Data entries
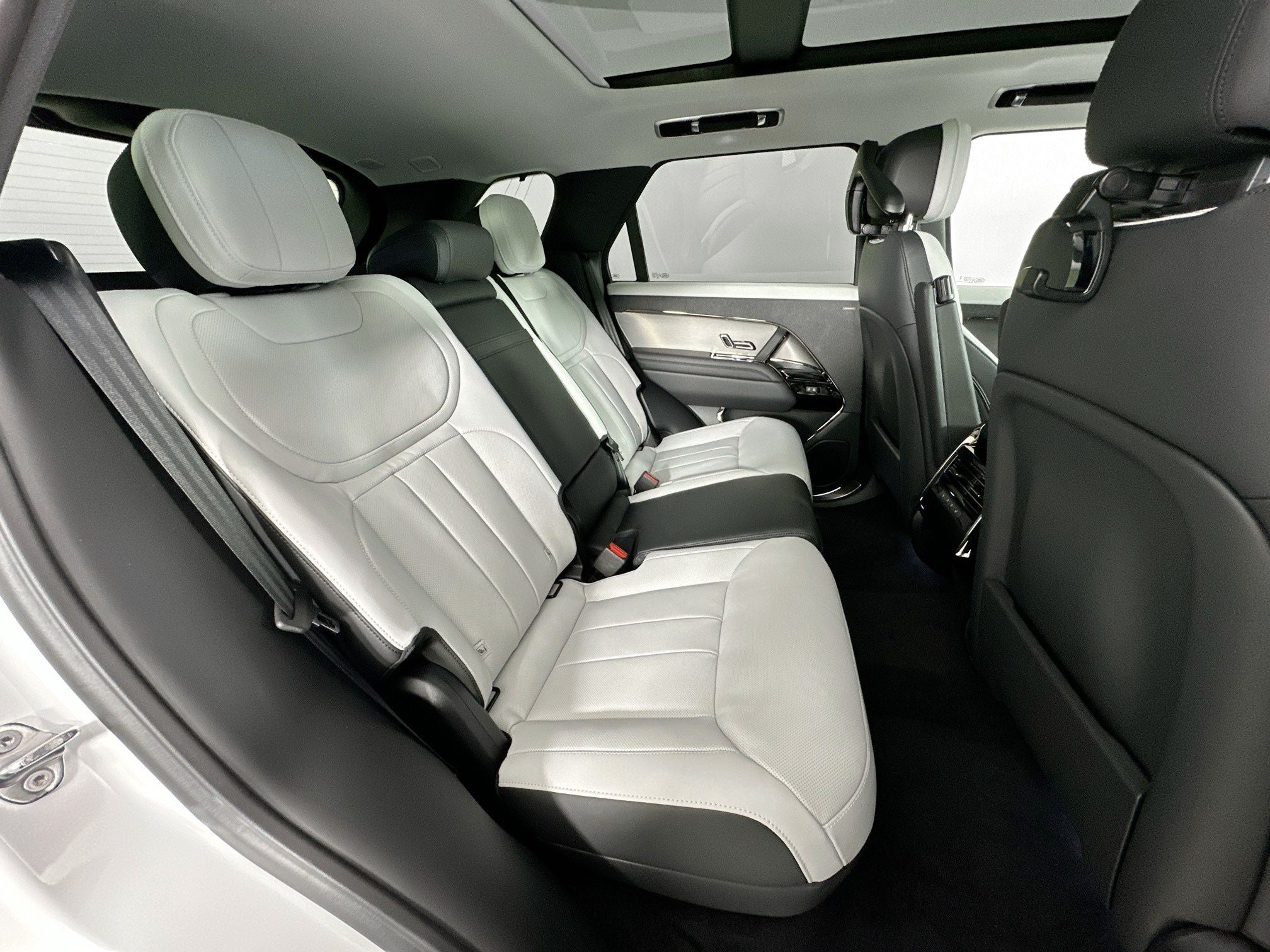 2026 Land Rover Range Rover Sport Plug-in Hybrid Dynamic SE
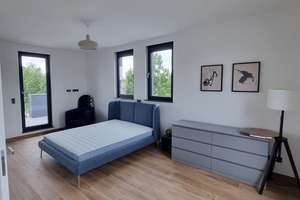 Exklusive Doppelhaushälfte im schönen Altglienicke! **Garten / 3 Terrassen / möbliert** – Ewaldstr. 106D, 12524 Altglienicke, Berlin – Vorschaubild 10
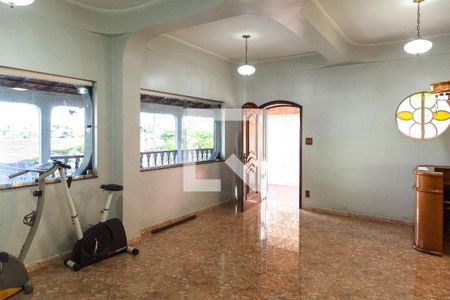 Sala de casa para alugar com 4 quartos, 371m² em Vila Rosalia, Guarulhos
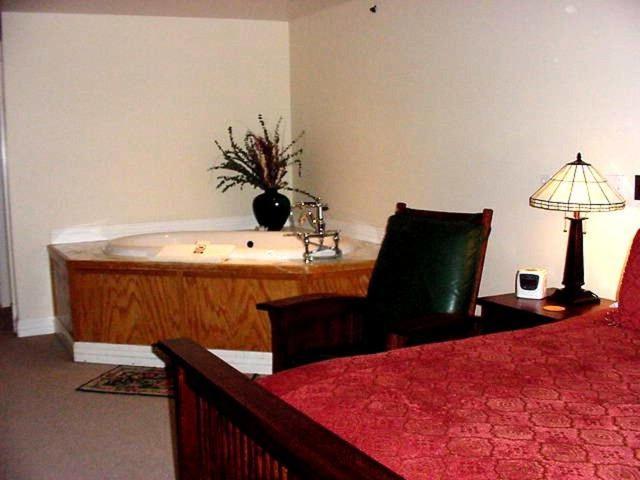 Alps Boulder Canyon Inn Bagian luar foto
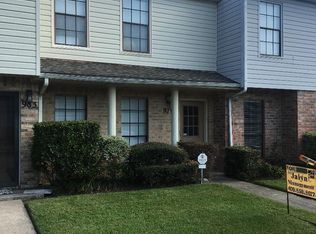 979 Sunmeadow Dr, Beaumont, TX 77706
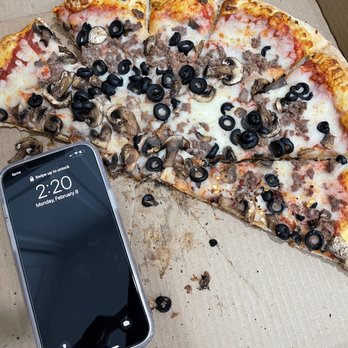 Big T's Pizza - Leftover pizza - Pizza Near Me - Rialto, California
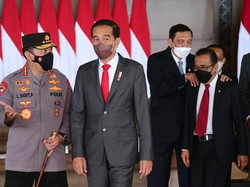 Momen Luhut Pijit Bahu Pratikno Saat Dampingi Jokowi Sebelum Terbang ke AS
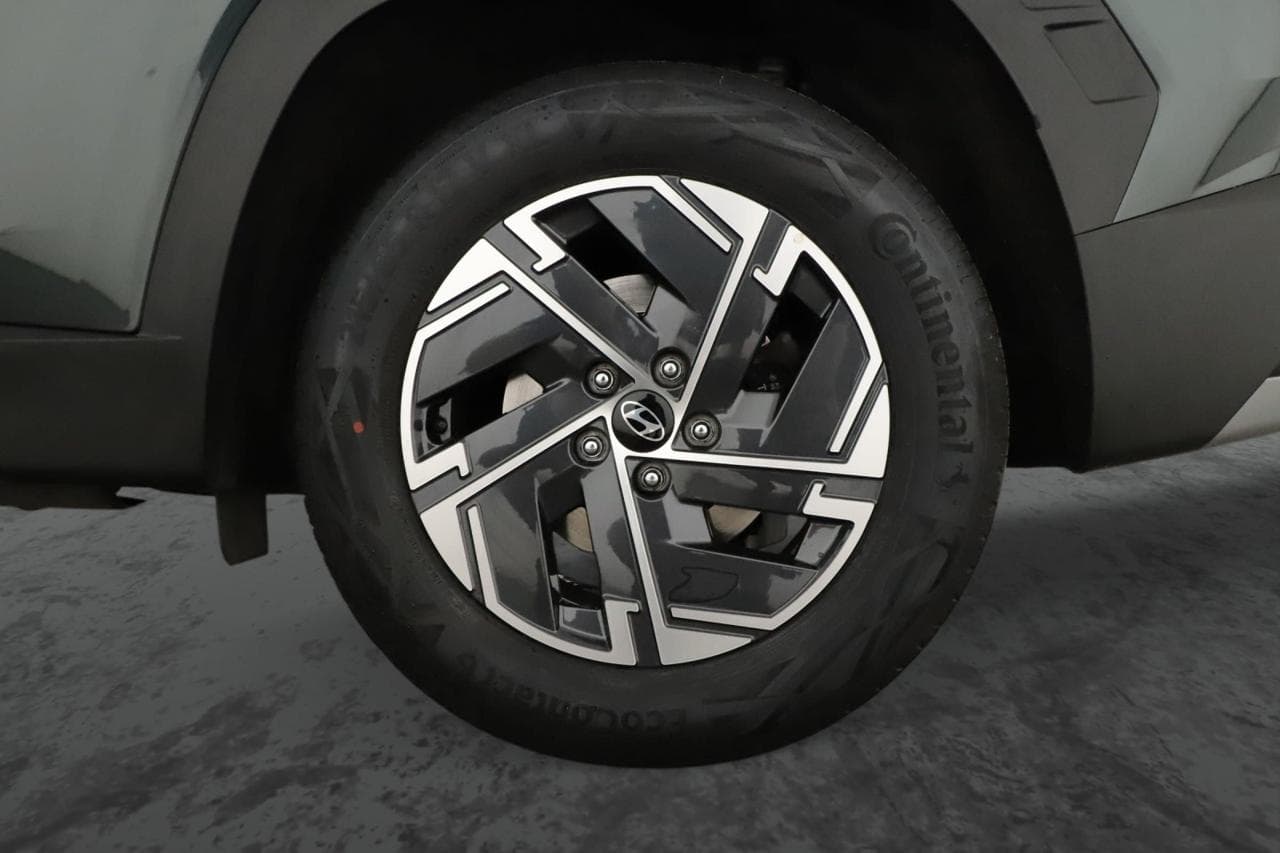 2024 Hyundai TUCSON - 32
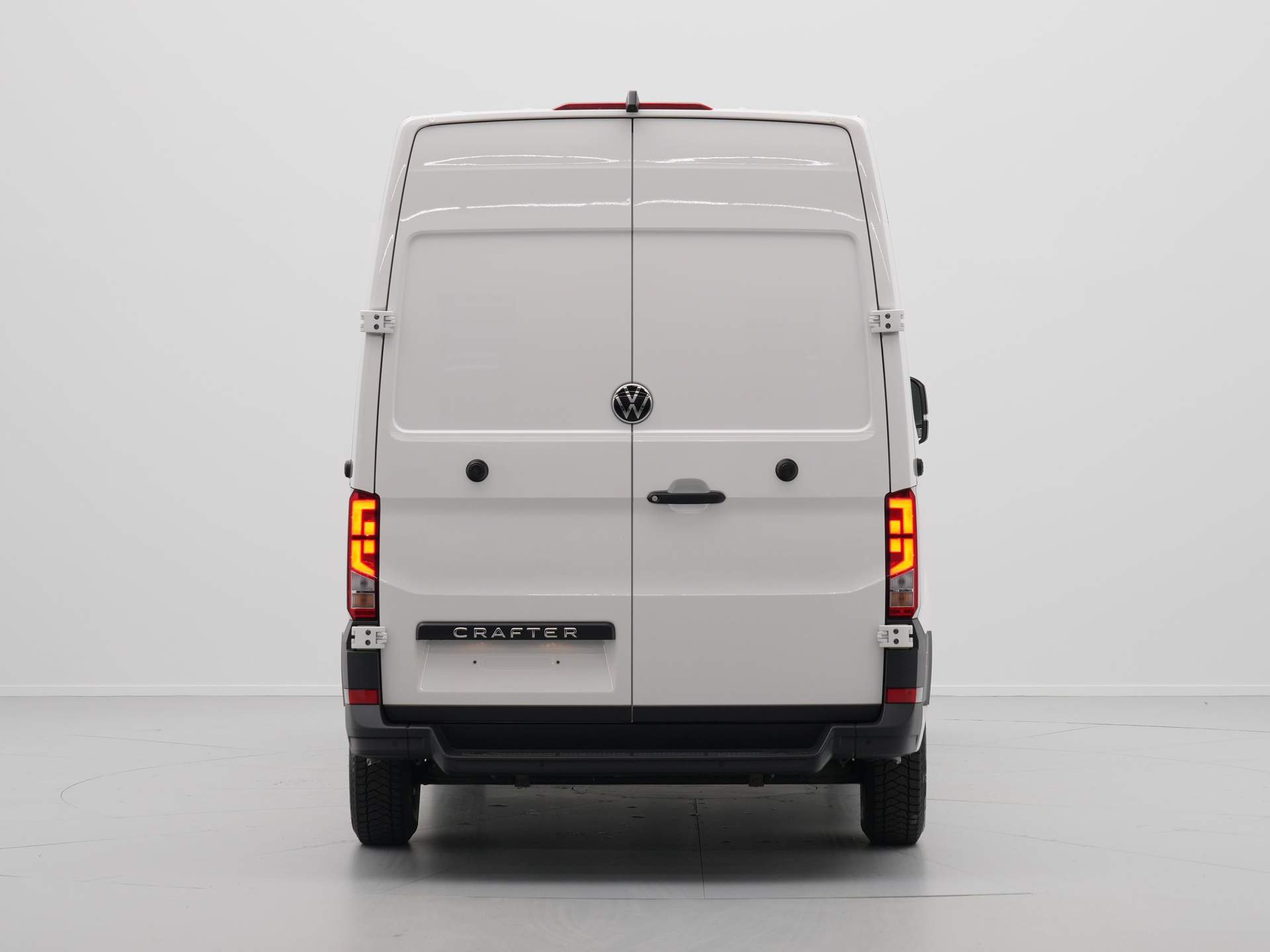 Volkswagen - Crafter 2.0 TDI 103kW 140PK GVW 3.5T L4H3 Highline AUT - 2024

#### [Exercise directions]
Set down word for word the lines from the first entry through the line with "Big T's Pizza", both included, omitting pictures.

#### [Answer to this problem]
 2026 Land Rover Range Rover Sport Plug-in Hybrid Dynamic SE
 Exklusive Doppelhaushälfte im schönen Altglienicke! **Garten / 3 Terrassen / möbliert** – Ewaldstr. 106D, 12524 Altglienicke, Berlin – Vorschaubild 10
 Sala de casa para alugar com 4 quartos, 371m² em Vila Rosalia, Guarulhos
 Alps Boulder Canyon Inn Bagian luar foto
 979 Sunmeadow Dr, Beaumont, TX 77706
 Big T's Pizza - Leftover pizza - Pizza Near Me - Rialto, California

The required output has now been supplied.